Exercise goal:
Starting at the line that contains "Jersey Tank Thumbnail", repeat each line of the listing below through the last one, exactly, and leave out every picture.
——————
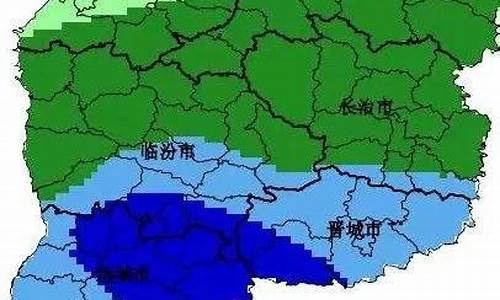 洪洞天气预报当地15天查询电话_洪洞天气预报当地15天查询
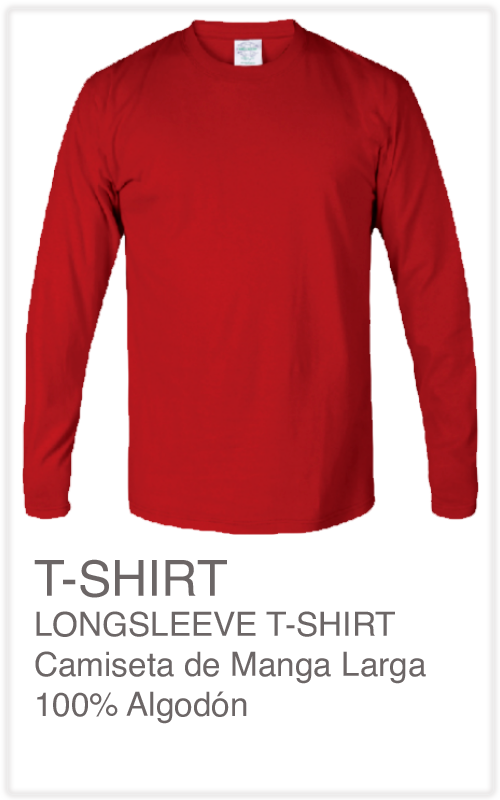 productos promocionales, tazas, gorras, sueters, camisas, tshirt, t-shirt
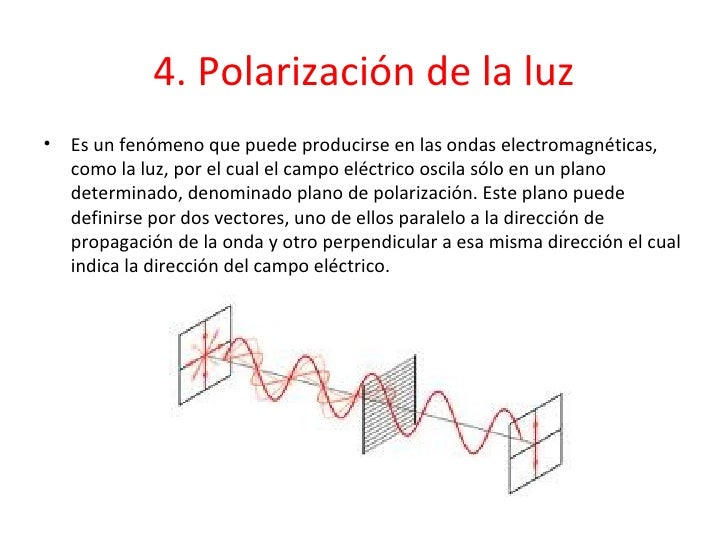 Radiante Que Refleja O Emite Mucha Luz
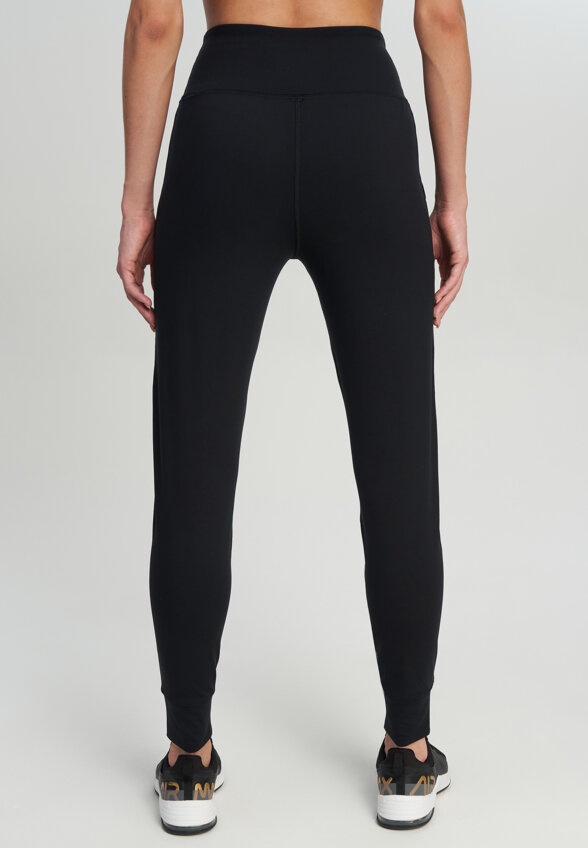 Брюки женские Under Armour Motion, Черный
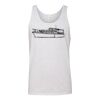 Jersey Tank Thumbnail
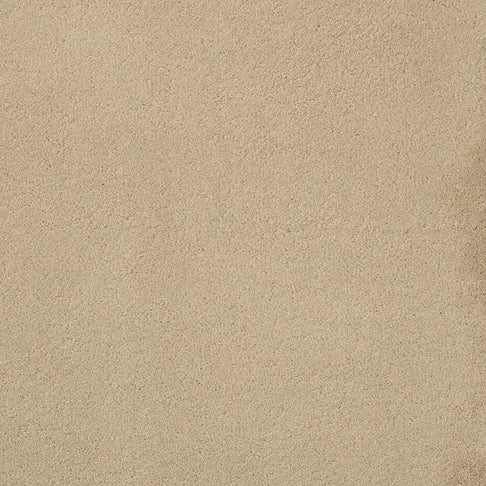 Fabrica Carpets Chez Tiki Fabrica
——————
Solution:
 Jersey Tank Thumbnail
 Fabrica Carpets Chez Tiki Fabrica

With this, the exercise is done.